Due caratteristiche devono essere proprie della casa: l'essere aperta verso la parola, e l'essere aperta nei confronti della sofferenza umana: "sia la tua casa una casa di riunione per i sapienti, impolverati nella polvere dei loro piedi e abbeverati come assetato alle loro parole... sia la tua casa largamente aperta agli stranieri e siano i poveri come i figli della tua casa" (m.Pirqe Avot 1,4-5).
La continuità delle parole della Torah manifestatasi in una istruzione avvenuta ai piedi dei sapienti (cfr.
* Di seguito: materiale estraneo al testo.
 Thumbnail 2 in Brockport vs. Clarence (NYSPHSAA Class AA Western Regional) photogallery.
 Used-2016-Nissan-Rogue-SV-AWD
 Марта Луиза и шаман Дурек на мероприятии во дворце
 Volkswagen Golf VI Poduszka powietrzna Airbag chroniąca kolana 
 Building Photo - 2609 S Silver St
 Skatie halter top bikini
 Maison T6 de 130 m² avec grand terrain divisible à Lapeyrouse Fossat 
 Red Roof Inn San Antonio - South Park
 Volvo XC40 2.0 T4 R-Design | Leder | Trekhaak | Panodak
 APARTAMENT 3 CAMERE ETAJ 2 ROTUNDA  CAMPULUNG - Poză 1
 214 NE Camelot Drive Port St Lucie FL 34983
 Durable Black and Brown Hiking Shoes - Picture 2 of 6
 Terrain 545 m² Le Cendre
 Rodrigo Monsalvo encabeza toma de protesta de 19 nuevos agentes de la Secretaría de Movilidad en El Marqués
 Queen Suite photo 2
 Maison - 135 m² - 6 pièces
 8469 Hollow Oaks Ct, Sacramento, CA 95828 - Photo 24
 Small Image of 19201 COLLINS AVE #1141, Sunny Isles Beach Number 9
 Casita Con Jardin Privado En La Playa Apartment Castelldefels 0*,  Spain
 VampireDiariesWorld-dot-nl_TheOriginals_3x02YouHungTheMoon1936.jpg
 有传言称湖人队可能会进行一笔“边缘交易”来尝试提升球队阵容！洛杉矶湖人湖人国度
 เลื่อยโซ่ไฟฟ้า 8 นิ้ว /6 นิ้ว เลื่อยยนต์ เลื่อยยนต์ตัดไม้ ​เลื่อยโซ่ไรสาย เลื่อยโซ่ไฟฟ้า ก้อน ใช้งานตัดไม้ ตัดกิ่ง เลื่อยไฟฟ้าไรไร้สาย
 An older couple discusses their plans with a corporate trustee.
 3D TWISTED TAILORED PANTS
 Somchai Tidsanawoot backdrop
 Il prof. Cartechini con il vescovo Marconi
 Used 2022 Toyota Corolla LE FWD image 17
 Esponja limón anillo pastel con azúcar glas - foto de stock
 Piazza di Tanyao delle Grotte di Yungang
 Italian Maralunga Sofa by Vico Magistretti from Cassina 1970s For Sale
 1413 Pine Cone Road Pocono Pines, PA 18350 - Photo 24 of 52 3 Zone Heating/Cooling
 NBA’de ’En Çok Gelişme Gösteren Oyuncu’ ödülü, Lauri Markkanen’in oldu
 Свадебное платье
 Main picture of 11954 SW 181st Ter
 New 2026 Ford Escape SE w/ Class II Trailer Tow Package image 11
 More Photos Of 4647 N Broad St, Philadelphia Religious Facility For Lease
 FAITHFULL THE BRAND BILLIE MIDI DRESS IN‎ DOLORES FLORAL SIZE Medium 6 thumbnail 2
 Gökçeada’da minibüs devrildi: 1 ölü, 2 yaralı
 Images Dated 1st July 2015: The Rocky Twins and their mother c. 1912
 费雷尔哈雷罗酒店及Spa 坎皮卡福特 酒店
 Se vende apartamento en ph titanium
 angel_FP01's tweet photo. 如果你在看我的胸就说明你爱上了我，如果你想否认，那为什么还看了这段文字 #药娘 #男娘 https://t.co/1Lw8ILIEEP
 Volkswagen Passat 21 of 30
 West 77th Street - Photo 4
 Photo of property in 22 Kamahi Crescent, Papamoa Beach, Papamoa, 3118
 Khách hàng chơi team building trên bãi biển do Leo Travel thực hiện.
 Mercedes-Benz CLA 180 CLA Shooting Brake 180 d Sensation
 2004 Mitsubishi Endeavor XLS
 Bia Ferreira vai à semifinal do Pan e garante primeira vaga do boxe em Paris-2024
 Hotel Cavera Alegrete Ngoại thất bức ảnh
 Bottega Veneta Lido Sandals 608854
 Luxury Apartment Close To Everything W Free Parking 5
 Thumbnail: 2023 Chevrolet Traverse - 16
At.22,3), impone di dischiudere la propria casa alla parola e con ciò anche ai sofferenti: "proprio come la casa di ognuno deve essere un luogo di incontro per i sapienti, così deve essere largamente aperta agli ospiti e al povero".
"Questo insegna che la casa di un uomo dovrebbe avere un'entrata spaziosa, al nord, al sud, all'est e all'ovest come quella di Giobbe che fece quattro porte alla sua casa.
E perché Giobbe fece quattro porte alla sua casa?
Lo fece perché i poveri non avessero l'incomodo di girarvi attorno: chi veniva dal nord poteva entrare direttamente dalla sua direzione allo stesso modo uno che veniva dal sud e così per gli altri punti cardinali".